Pick up at the line with "Paweł Deląg Paweł Deląg". Write it out exactly, along with each later line through the end of the data, and nothing more.

BEGIN EXERCISE INPUT

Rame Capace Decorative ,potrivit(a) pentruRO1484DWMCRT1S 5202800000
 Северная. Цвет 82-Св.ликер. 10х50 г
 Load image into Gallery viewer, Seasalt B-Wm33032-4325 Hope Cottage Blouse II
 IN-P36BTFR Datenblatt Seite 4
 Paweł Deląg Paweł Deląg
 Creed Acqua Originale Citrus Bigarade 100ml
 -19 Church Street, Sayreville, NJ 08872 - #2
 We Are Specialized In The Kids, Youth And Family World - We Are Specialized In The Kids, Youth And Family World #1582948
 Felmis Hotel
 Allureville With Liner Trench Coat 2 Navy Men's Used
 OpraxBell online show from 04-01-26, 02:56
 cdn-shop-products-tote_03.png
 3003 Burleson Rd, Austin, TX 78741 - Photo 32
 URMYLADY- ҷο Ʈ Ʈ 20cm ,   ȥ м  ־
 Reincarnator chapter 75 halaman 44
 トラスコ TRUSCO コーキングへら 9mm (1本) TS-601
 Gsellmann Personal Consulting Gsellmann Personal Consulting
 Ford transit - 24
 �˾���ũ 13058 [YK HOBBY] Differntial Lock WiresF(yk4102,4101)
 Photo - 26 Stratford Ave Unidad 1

END EXERCISE INPUT

▸ **SOLUTION BELOW**:
 Paweł Deląg Paweł Deląg
 Creed Acqua Originale Citrus Bigarade 100ml
 -19 Church Street, Sayreville, NJ 08872 - #2
 We Are Specialized In The Kids, Youth And Family World - We Are Specialized In The Kids, Youth And Family World #1582948
 Felmis Hotel
 Allureville With Liner Trench Coat 2 Navy Men's Used
 OpraxBell online show from 04-01-26, 02:56
 cdn-shop-products-tote_03.png
 3003 Burleson Rd, Austin, TX 78741 - Photo 32
 URMYLADY- ҷο Ʈ Ʈ 20cm ,   ȥ м  ־
 Reincarnator chapter 75 halaman 44
 トラスコ TRUSCO コーキングへら 9mm (1本) TS-601
 Gsellmann Personal Consulting Gsellmann Personal Consulting
 Ford transit - 24
 �˾���ũ 13058 [YK HOBBY] Differntial Lock WiresF(yk4102,4101)
 Photo - 26 Stratford Ave Unidad 1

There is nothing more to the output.